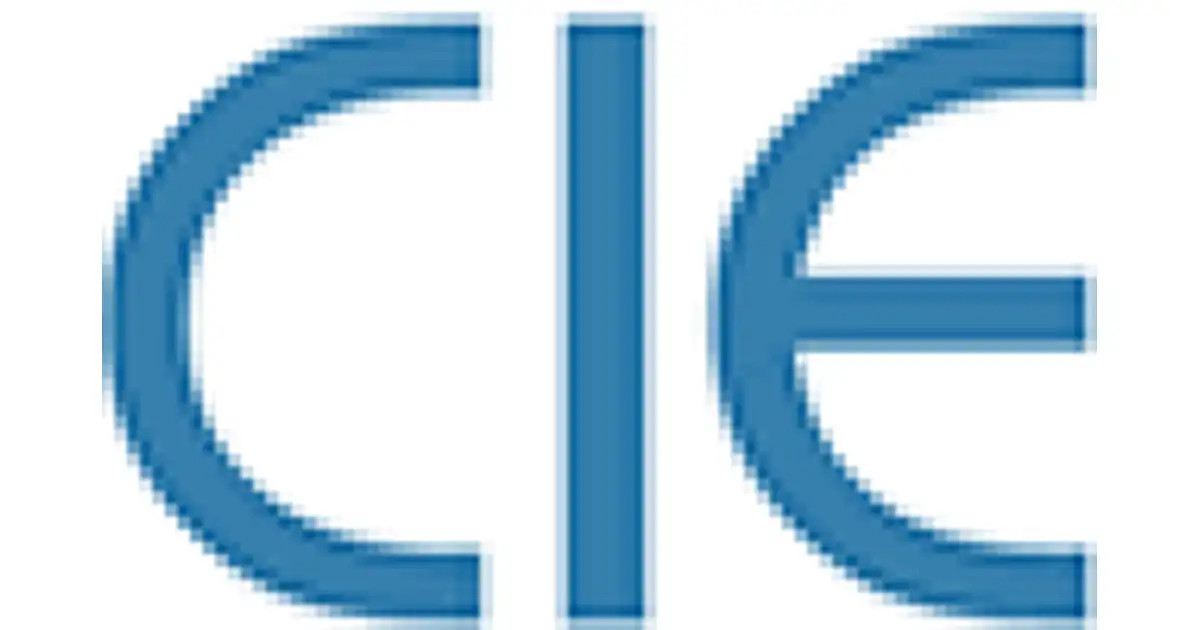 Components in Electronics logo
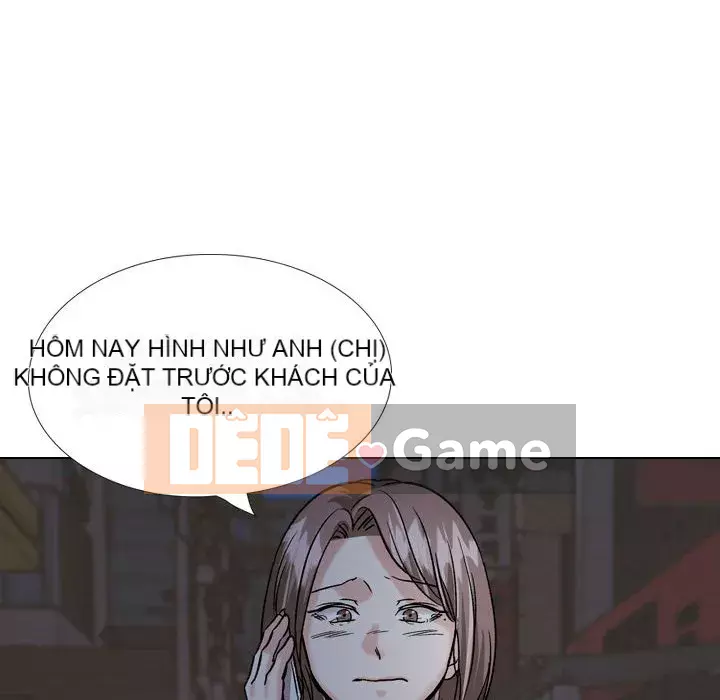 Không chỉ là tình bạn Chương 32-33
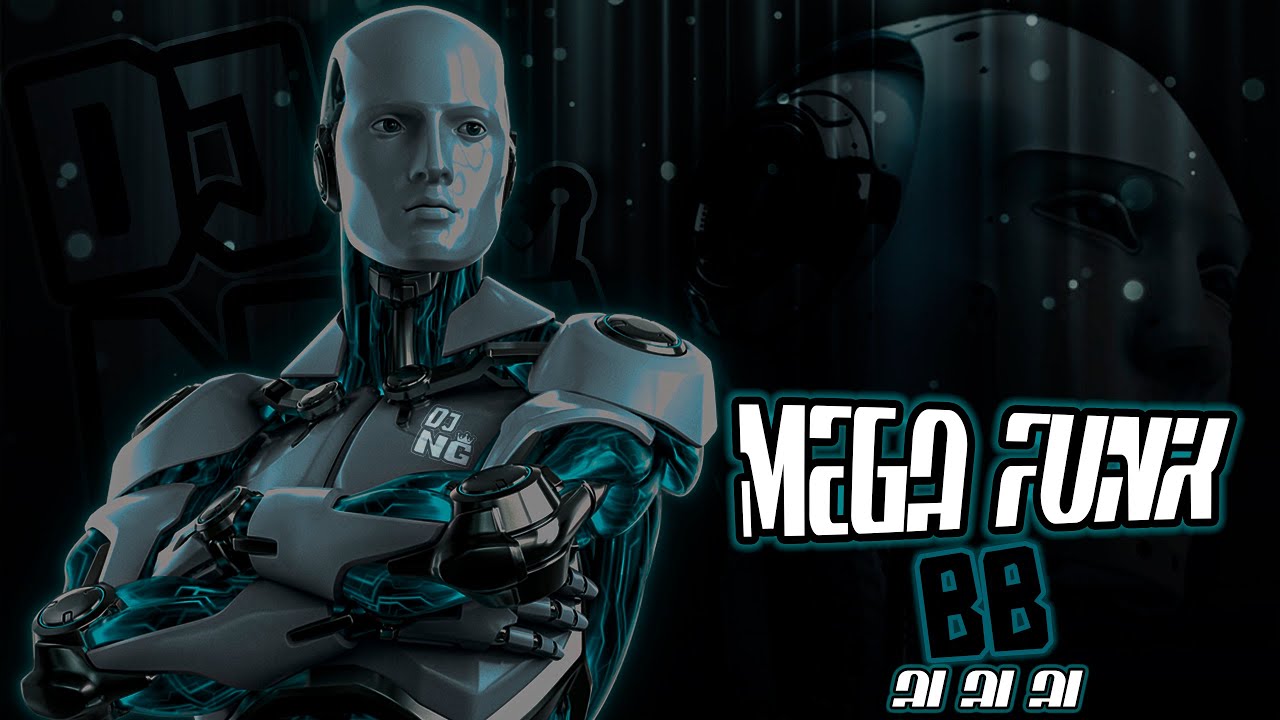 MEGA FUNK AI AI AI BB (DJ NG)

--

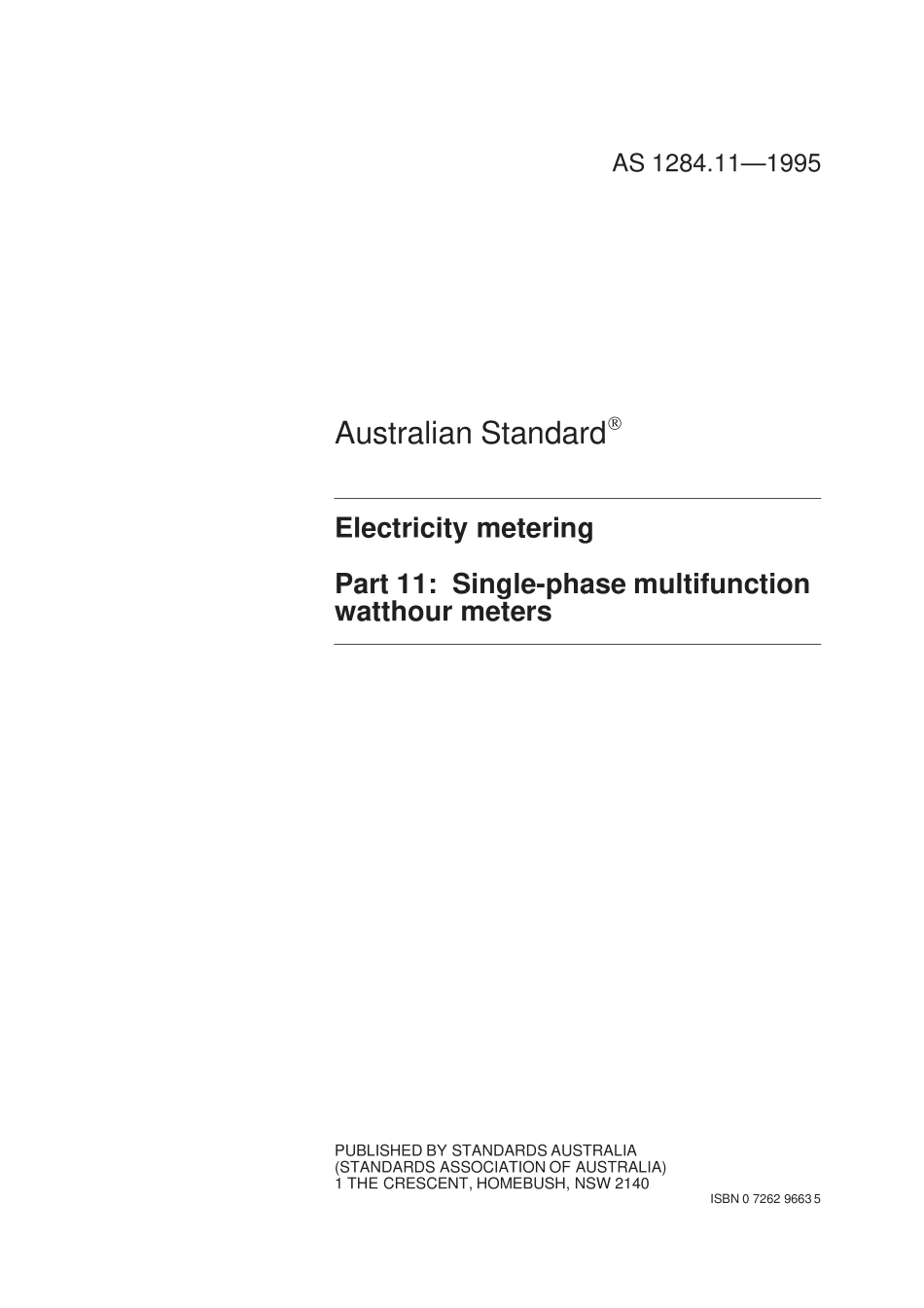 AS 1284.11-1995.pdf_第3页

**Exercise description:** Retype only the lines above from the one with "Components in Electronics logo" through the one with "MEGA FUNK AI AI AI BB (DJ NG)", exactly and with both ends. Images stay out.

**Solved exercise:**
 Components in Electronics logo
 Không chỉ là tình bạn Chương 32-33
 MEGA FUNK AI AI AI BB (DJ NG)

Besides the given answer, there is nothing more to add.